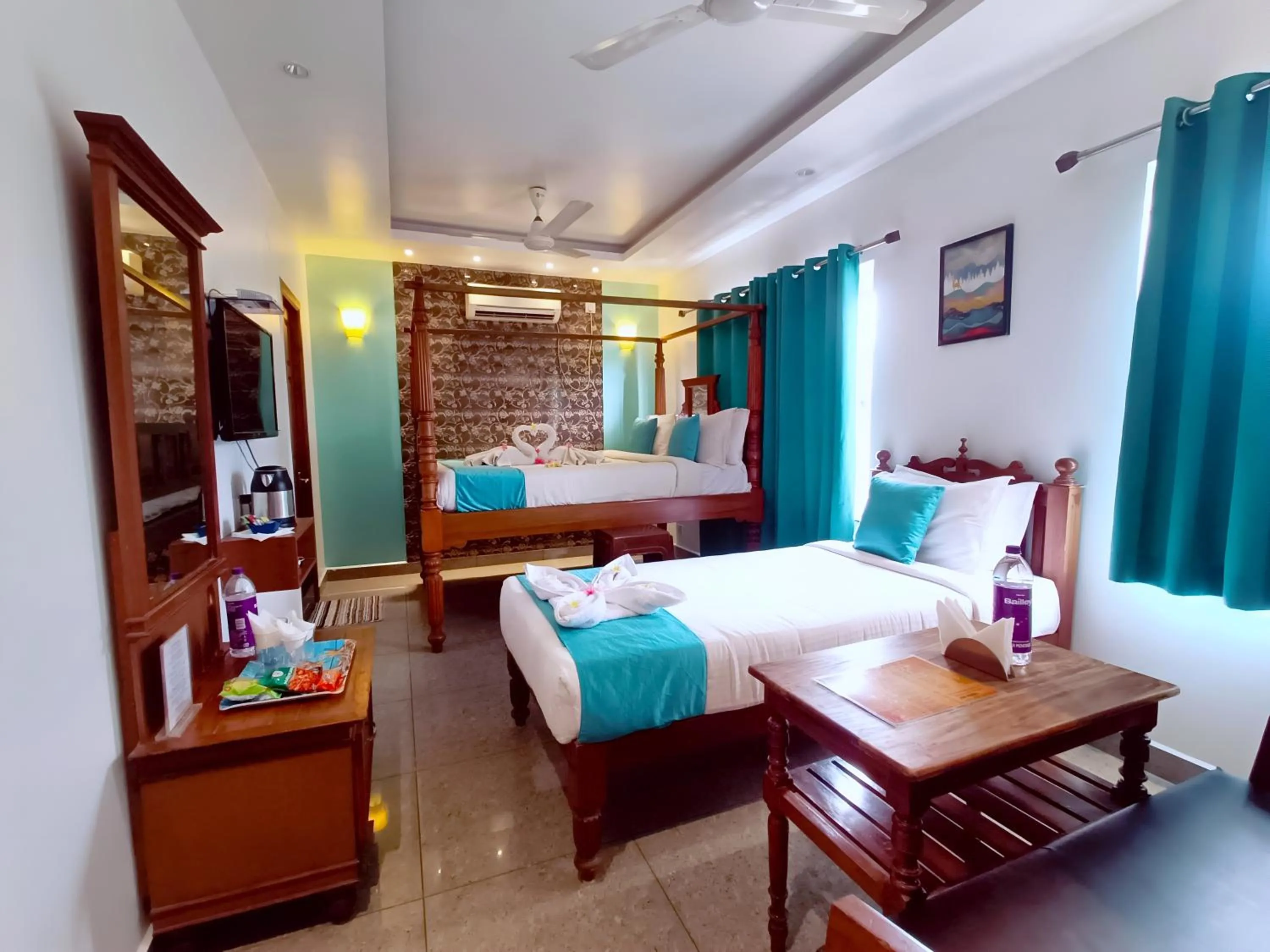 Bed in Le Holiday Inn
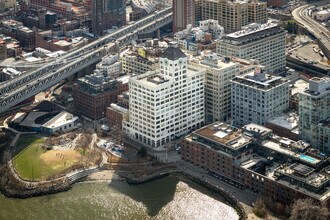 The Clock Tower Building in Brooklyn, NY - Foto de edificio - Building Photo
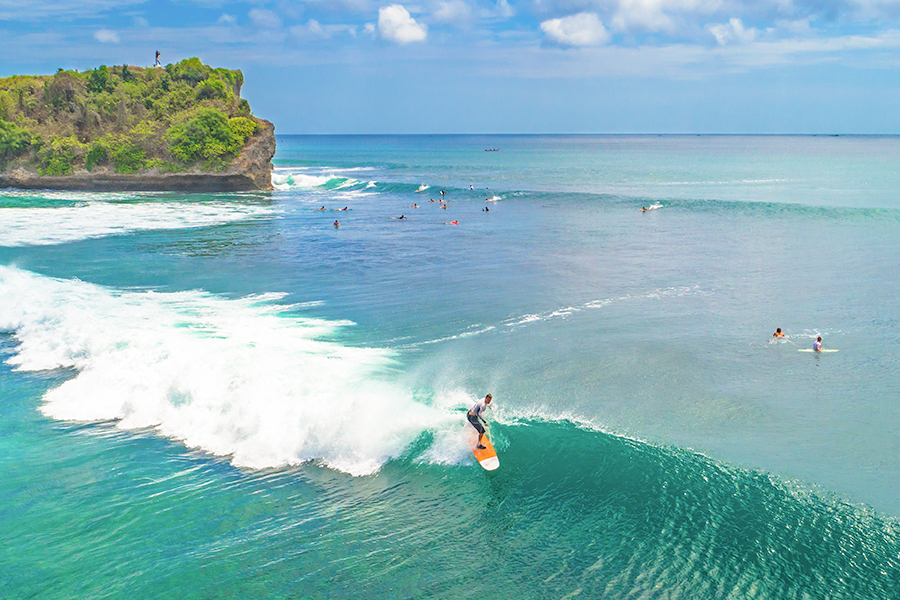 Pantai dengan Ombak Terbesar di Indonesia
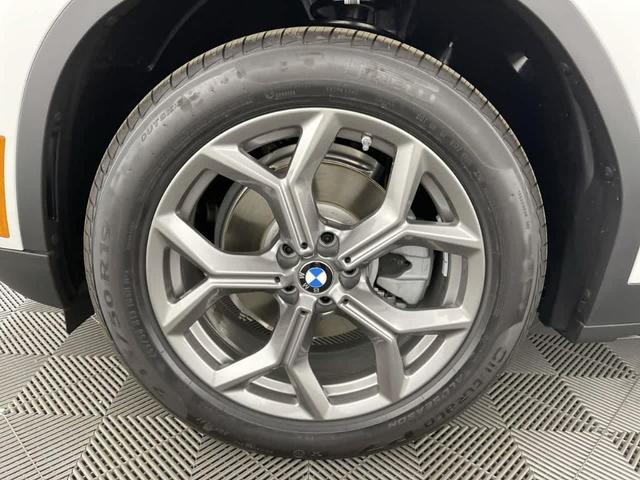 Photo of 2022 Mineral White Metallic BMW X3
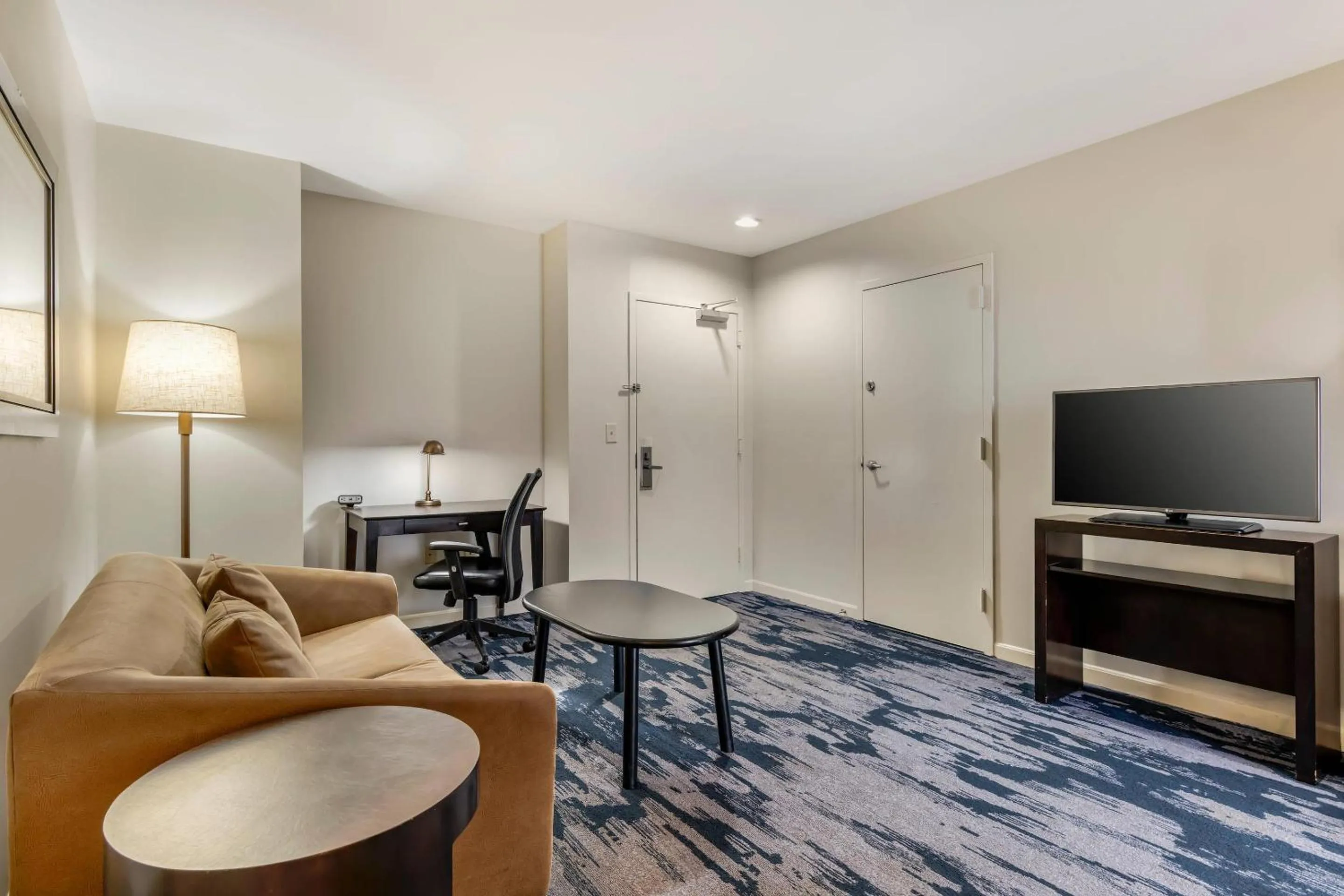 Bedroom in The Connally Hotel Downtown Atlanta, an Ascend Collection Hotel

_Requirement:_ Everything in the records except the pictures should be retyped exactly.

_Exercise result:_
 Bed in Le Holiday Inn
 The Clock Tower Building in Brooklyn, NY - Foto de edificio - Building Photo
 Pantai dengan Ombak Terbesar di Indonesia
 Photo of 2022 Mineral White Metallic BMW X3
 Bedroom in The Connally Hotel Downtown Atlanta, an Ascend Collection Hotel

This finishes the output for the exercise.